(Dataset excerpts begins)

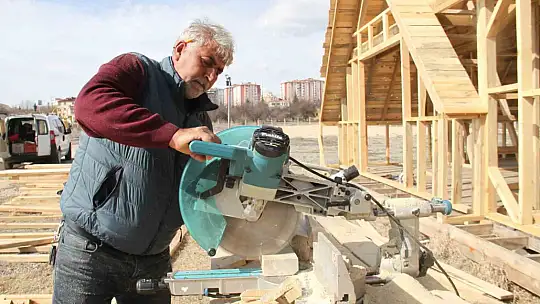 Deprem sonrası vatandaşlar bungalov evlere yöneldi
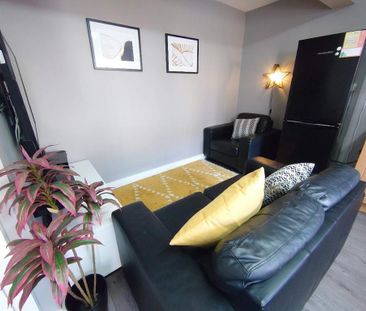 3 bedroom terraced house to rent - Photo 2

(Dataset excerpts ends)
(Dataset excerpts begins)

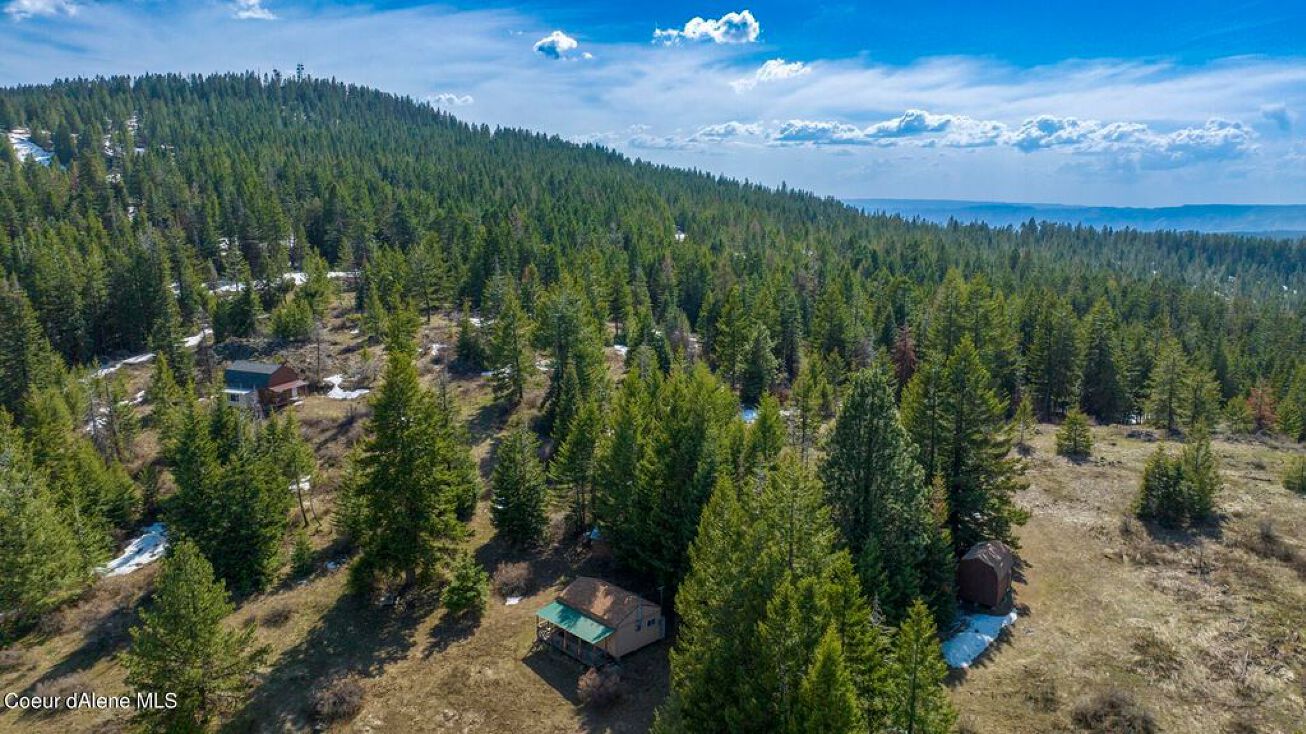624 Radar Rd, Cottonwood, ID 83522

(Dataset excerpts ends)
(Dataset excerpts begins)

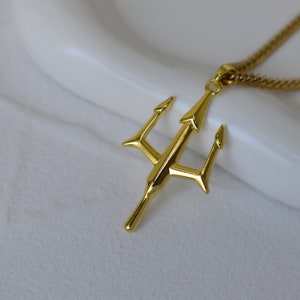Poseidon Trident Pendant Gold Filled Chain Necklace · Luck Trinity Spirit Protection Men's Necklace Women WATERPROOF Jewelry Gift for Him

(Dataset excerpts ends)

**Your assignment**.
Would you copy the lines above exactly, starting with the one that has "Deprem sonrası vatandaşlar" and ending with the one that has "3 bedroom terraced house to rent - Photo 2", both included, without the pictures?

**Expected output**.
 Deprem sonrası vatandaşlar bungalov evlere yöneldi
 3 bedroom terraced house to rent - Photo 2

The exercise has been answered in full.